A participação dos municípios na área de segurança pública ainda é pequena em termos de volume de recursos financeiros (6,7% dos gastos totais, FBSP 2020), mas é crescente quando analisamos este dispêndio no decorrer dos anos. Cresce também quando analisamos a quantidade de municípios que criaram suas Guardas ou outras estruturas para atuar neste campo. Segundo a pesquisa MUNIC de 2020, das 5570 cidades brasileiras, 23,6% possuíam uma secretaria ou órgão para cuidar da área e 14,9% tinham Conselho Municipal de Segurança. A quantidade de cidades com guarda municipal aumentou de 19,4% para 21,3% desde a última edição da pesquisa e seque crescendo a cada nova edição. (IBGE, MUNIC, 2020)
Mais do que em volume de recursos investidos ou estruturas criadas, a atuação municipal em segurança cresce em competências e atribuições, quando comparamos o estabelecido pela Constituição em 1988 com os textos posteriores, com o Estatuto das Guardas de 2014 e a Lei do SUSP de 2018. E os municípios parecem que ainda não se deram conta de que atuar em segurança envolve ações preventivas que vão muito além da criação da Guarda Municipal e da questão do “poder de polícia”.

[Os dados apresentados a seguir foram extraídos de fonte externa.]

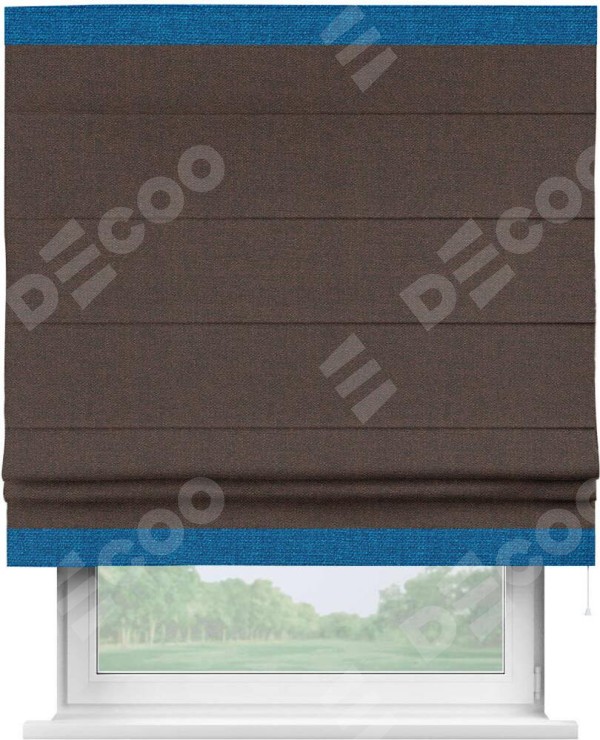 Римская штора «Кортин» с кантом Горизонт, для проема, ткань лён коричневый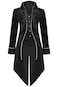 SIAEAMRG Medieval Steampunk Tailcoat Halloween Costumes for Men Renaissance Pirate Vampire Gothic Jackets Vintage Warlock Frock Coat M Black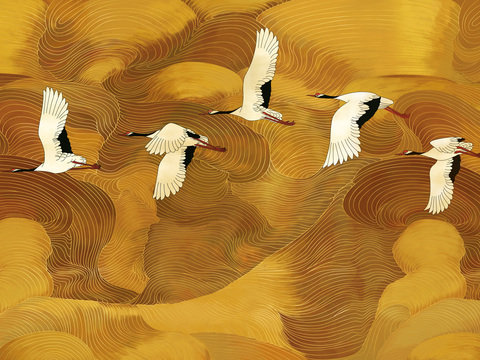  中式新中式花鸟植物壁纸壁画装饰画 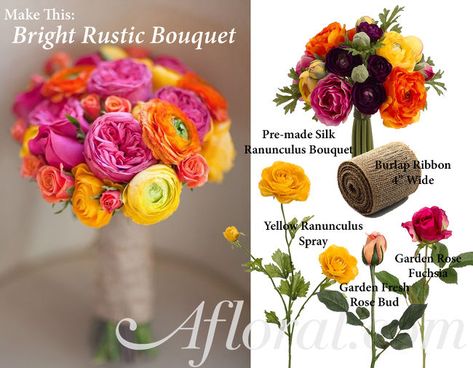 DIY Bright Rustic Bouquet | Hometalk Bright Rustic Wedding, Bouquet Recipes, Wrap Bouquet, Diy Wedding Flowers Bouquet, Decorative Mesh Wreaths, Ranunculus Bouquet, Easy Fall Wreaths, Rustic Wedding Bouquet, Rustic Bouquet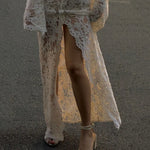 Woman Dress Clothing V-neck White Lace Dress 2025 Vestidos Para Mujer Fall Lace-up High Slit Slim LongEvening Party Dresses
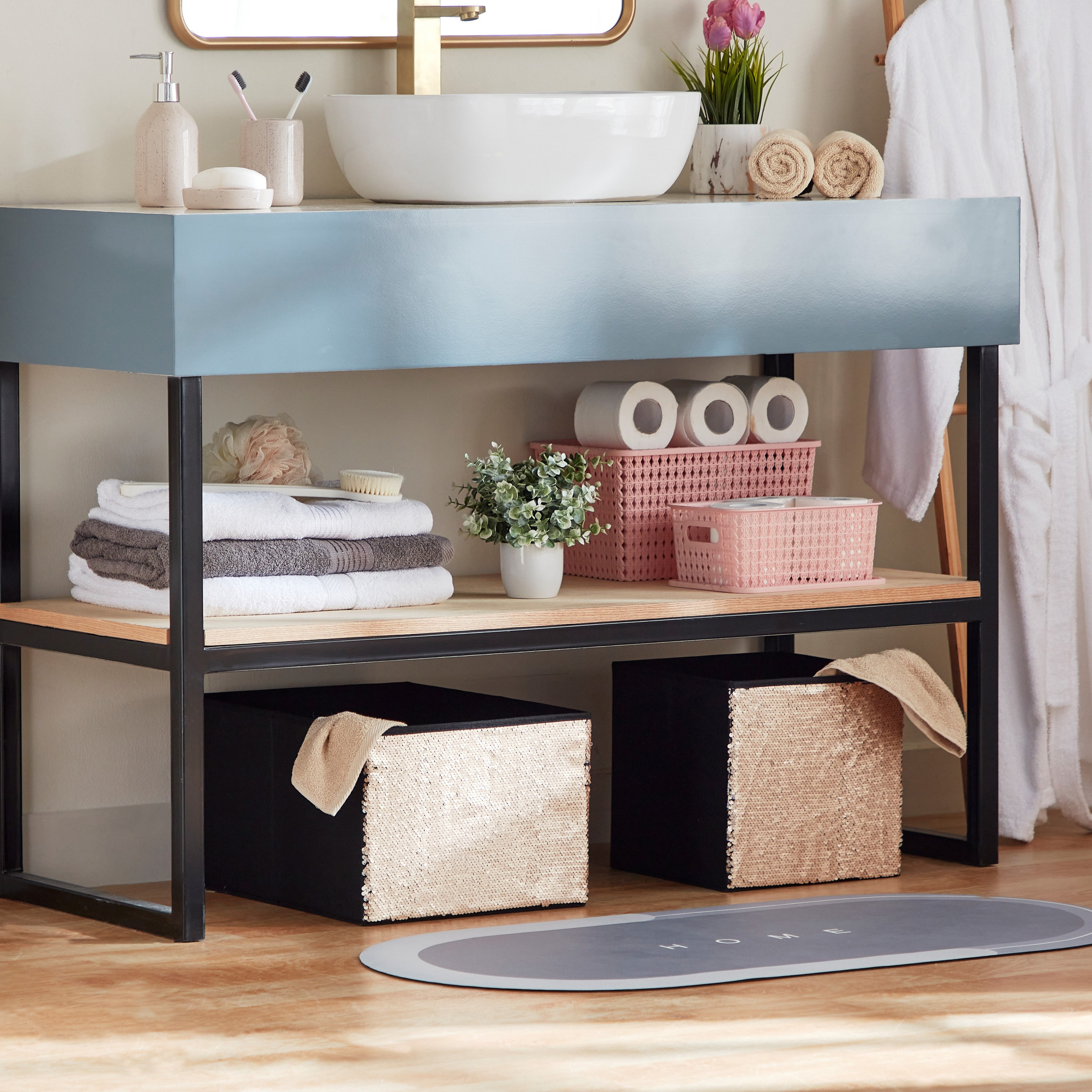 صندوق تخزين غير منسوج من جليتز - 26.6×26.6×26.6 سم-hbxbedroom-bedroomaccessories-bedroomstorage-image-5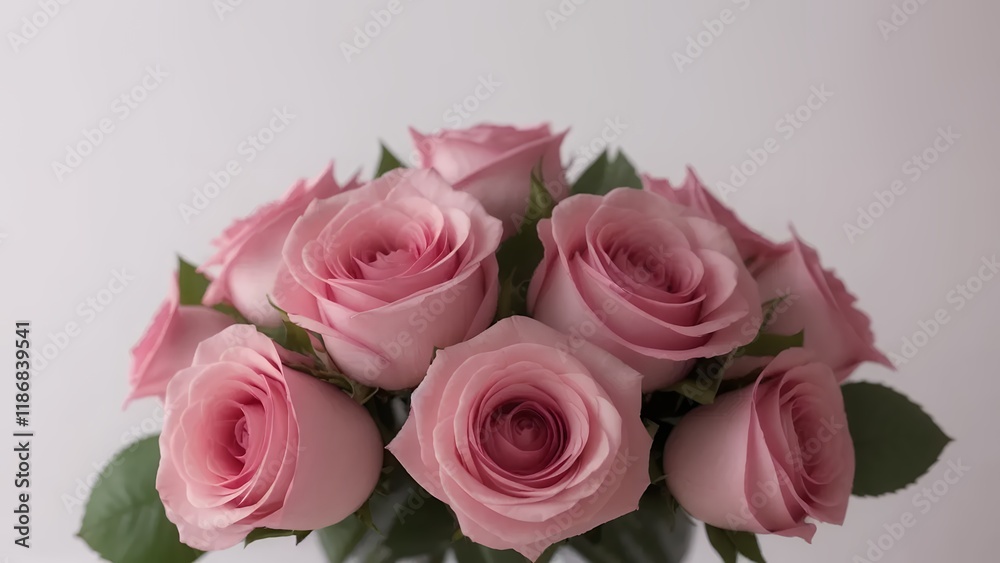 Tightly Arranged Pink and Red Roses Subtly Blurred Bokeh Effect Pure White Background Microstock Tightly Arranged Pink and Red Roses Subtly Blurred Bokeh Effect Pure White Background Microstock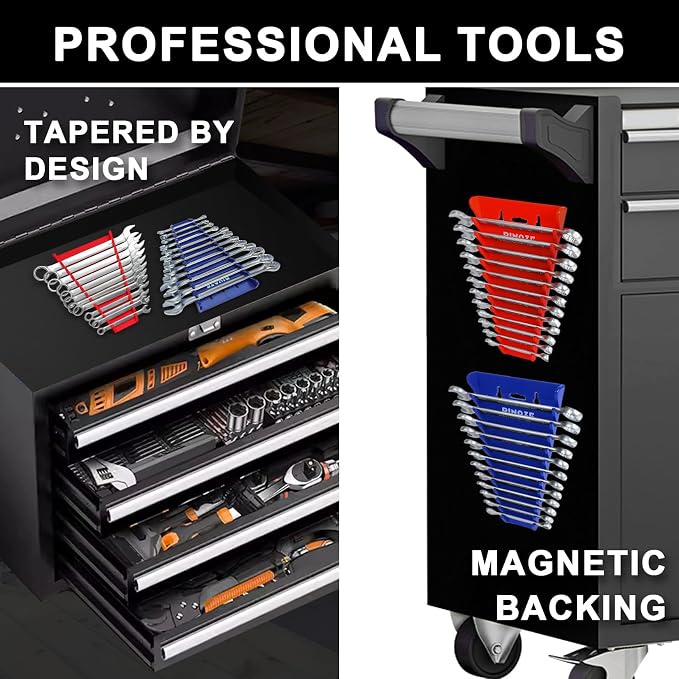 4-Piece Magnetic Wrench Organizer, 48-Slot Wrench Rack Tool Trays, Durable ABS - Image 6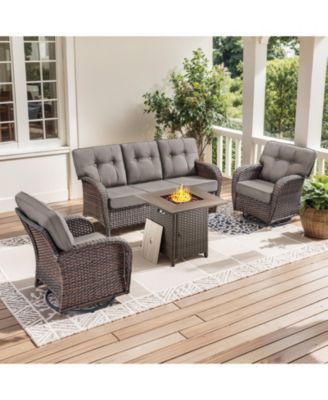 4 Pieces Patio Furniture Set, Wicker Outdoor Conversation Sets with Fire Pit Table for Backyard Garden Deck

Em seu art. 144, a Constituição não faz menção às Guardas Municipais entre os órgãos de segurança, não obstante centenas de cidades já tivessem criado suas Guardas antes de 1988. Parece que naquele momento os municípios não quiseram assumir esta fatura e o entendimento comum era de que segurança pública é questão dos Estados.
Assim, a Constituição reservou aos Municípios e às guardas um papel limitado. Há uma menção específica ao tema da segurança municipal no §8º, quando diz que “os Municípios poderão constituir guardas municipais destinadas à proteção de seus bens, serviços e instalações, conforme dispuser a lei”. Chamo a atenção para o verbo “poderão”, uma opção portanto. E para a limitação na destinação das Guardas à proteção patrimonial. No mais, a regulamentação deste parágrafo ocorreu apenas 26 anos depois, em 2014, e deixou outras lacunas, pois há sempre algum outro trecho obscuro em algum outro lugar que abre brechas para distintas interpretações.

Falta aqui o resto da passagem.